DIRECTIONS> Every record that follows should be copied exactly. No picture belongs in the copy.

SUPPLIED DATA>

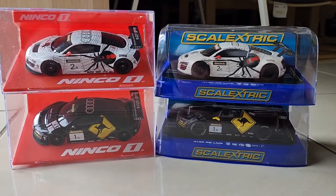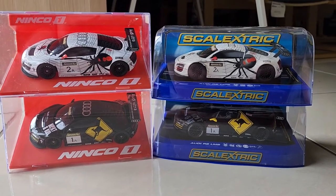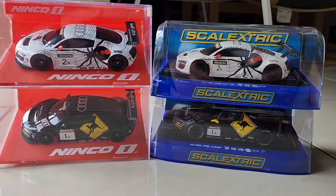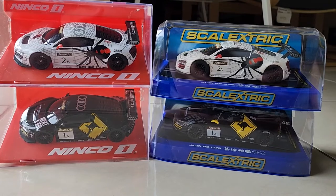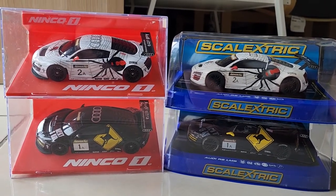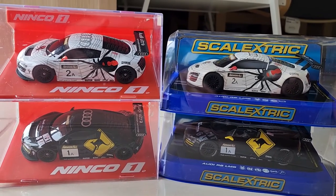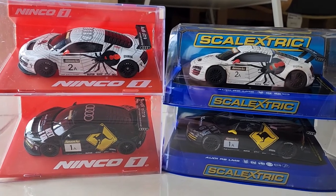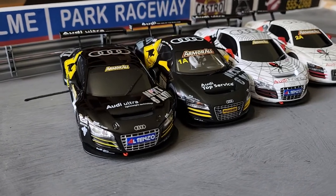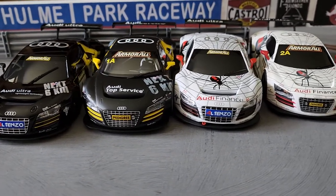Today we're having a look at the Audi R8 LMS. These cars were raced at the Bathurst 12-hour in 2012. The slot cars were released between around 2012 and 2014, so it's certainly not a new release, but at least for the Sky Electric ones it's one of those cars you really want to get out of the box. I've seen some of these going on certain popular auction sites for two or three hundred bucks a piece.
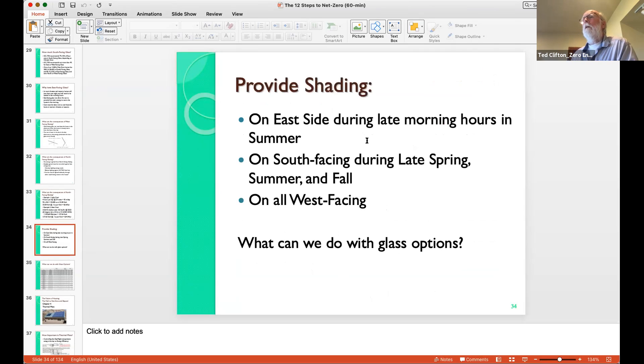On shading: pay attention to the east side for late morning hours in summertime, south-facing during spring, summer, and fall. And all west-facing needs to have some shading because you're going to overheat if you have too much west-facing glass.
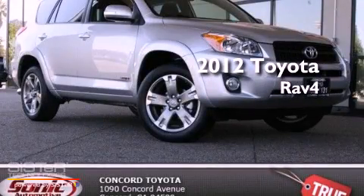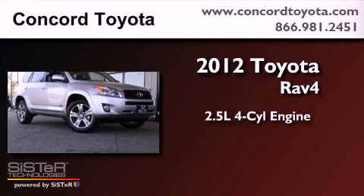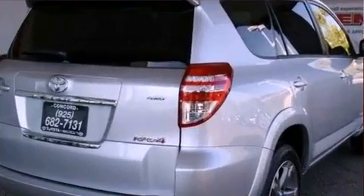This is a brand new 2012 Toyota RAV4. It features a 2.5-liter four-cylinder engine, an automatic transmission, and four-wheel drive.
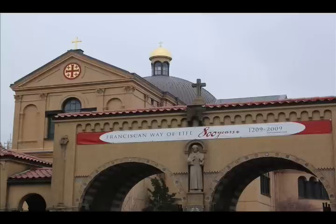This week, we travel to the Franciscan Monastery of the Holy Land in America.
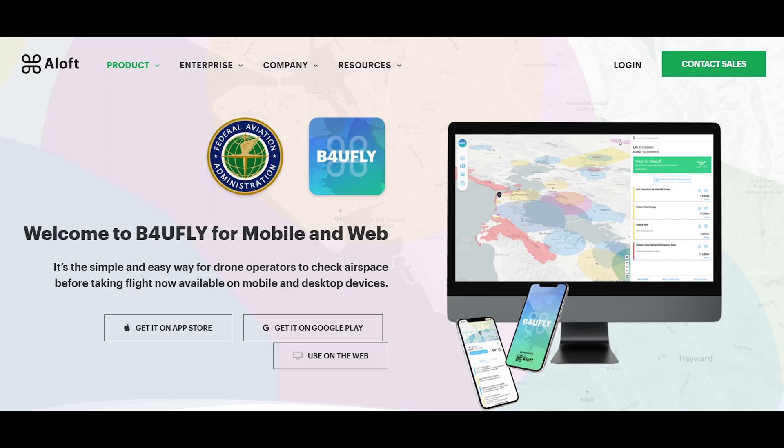There are some differences between using the app and the web-based site, but for the most part, if you can use one version of Before You Fly, you can use the others. For this reason, we'll walk you through using the web-based site, which should make using the app easy. The website for Before You Fly will have links for downloading the apps and using the web-based platform.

SOLUTION FOR THIS TASK>
Today we're having a look at the Audi R8 LMS. These cars were raced at the Bathurst 12-hour in 2012. The slot cars were released between around 2012 and 2014, so it's certainly not a new release, but at least for the Sky Electric ones it's one of those cars you really want to get out of the box. I've seen some of these going on certain popular auction sites for two or three hundred bucks a piece.
On shading: pay attention to the east side for late morning hours in summertime, south-facing during spring, summer, and fall. And all west-facing needs to have some shading because you're going to overheat if you have too much west-facing glass.
This is a brand new 2012 Toyota RAV4. It features a 2.5-liter four-cylinder engine, an automatic transmission, and four-wheel drive.
This week, we travel to the Franciscan Monastery of the Holy Land in America.
There are some differences between using the app and the web-based site, but for the most part, if you can use one version of Before You Fly, you can use the others. For this reason, we'll walk you through using the web-based site, which should make using the app easy. The website for Before You Fly will have links for downloading the apps and using the web-based platform.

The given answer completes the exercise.